Using Boost.Spirit in production code

Richard Smith

unread,

Nov 10, 2009, 4:26:21 PM11/10/09

to

I would be interested to know the opinion of this newsgroup on whether
it is sensible using Boost.Spirit in production code. In a project
I'm working on, I'm likely to need to produce three non-trivial C++
parsers: one for a network protocol quite similar in structure to
HTTP, one for a expression parser (not unlike the language used by the
Unix tool, bc, but for domain-specific data-types), and one for a
particular SGML language (considerably simpler than XML, assuming
there are no unanticipated complications).

All of these components are things for which I would be comfortable
implementing hand-crafted parsers, but equally if there are better
ways of generating moderately efficient and, critically, easily
maintainable parsers, I would be keen to use them. Boost.Spirit seems
to be one of the more obvious possibilities.

However, having experimented with Boost.Spirit a bit, I have a number
of concerns about its appropriateness for use in production code and I
would be interested in others' opinions.

* Documentation. Given the size of the library, its documentation is
really fairly lightweight and I've invariably found myself reading the
code to find out how things work. Just to take two examples, where is
it documented what characters alpha_p matches, and where is it
documented which headers I should include to use it?

* Compile times. Perhaps there are implementation techniques that I'm
missing, but most of the non-trivial examples I've experimented with
take serious long times to compile. In one case, over an hour for a
single translation unit. I prefer to work with a rapid modify-
recompile-test development cycle, but I don't see that being feasible
if I use significant Boost.Spirit components.

* Error messages. Introduce an error into the code and, frankly, the
resulting verbiage emitted by the compiler is utterly impenetrable.
This is, of course, true of many complex template libraries in C++,
and maybe when C++ (eventually) gains concepts, it will improve. But
it doesn't help with today's language.

* Poor IOStream interoperability. There are two aspects here.

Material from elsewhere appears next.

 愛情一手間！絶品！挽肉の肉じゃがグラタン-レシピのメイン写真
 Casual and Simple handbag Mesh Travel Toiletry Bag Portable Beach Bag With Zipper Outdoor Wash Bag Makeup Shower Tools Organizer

First,
it would be nice if, when I produced an LALR(1) parser, it would work
with InputIterators without my needing to adapt them with multi_pass.
(Admittedly, I'm not sure exactly how that could work as I cannot see
how the compiler can work out at compile time whether the grammar is
LALR(1).) Careless buffering by multi_pass could easily kill one of
the applications I have in mind. Secondly, it would be nice if there
were some easy way to keep input and output in sync, if not by having
a single function that does both (in simple cases, I've seen the %
operator overloaded to reasonable effect to implement both << and >>),
then by having similar-looking input and output functions that leave
it easy to verify by eye their compatibility. Maybe that's something
I can still build on top of Boost.Spirit, but that sounds a daunting
dask.

However, in other ways, I like the look of Spirit. The BNF-form of
the code is much closer to the specification I'm working to -- this
sounds like a good way of making sure the two stay in sync as the
underlying specifications evolve (which I expect them to do). To my
pleasant surprise, the object code produced by Spirit is concise and
efficient. And I'm sure that as I get more familiar with it, I'll get
better at writing correct code faster. Looking around, I also see
many quite positive comments about it.

So, what is the opinion here? Is it worth pursuing Boost.Spirit?

--
Richard Smith

--
[ See http://www.gotw.ca/resources/clcm.htm for info about ]
[ comp.lang.c++.moderated. First time posters: Do this! ]

Chris Morley

unread,

Nov 11, 2009, 7:59:09 PM11/11/09

to

> So, what is the opinion here? Is it worth pursuing Boost.Spirit?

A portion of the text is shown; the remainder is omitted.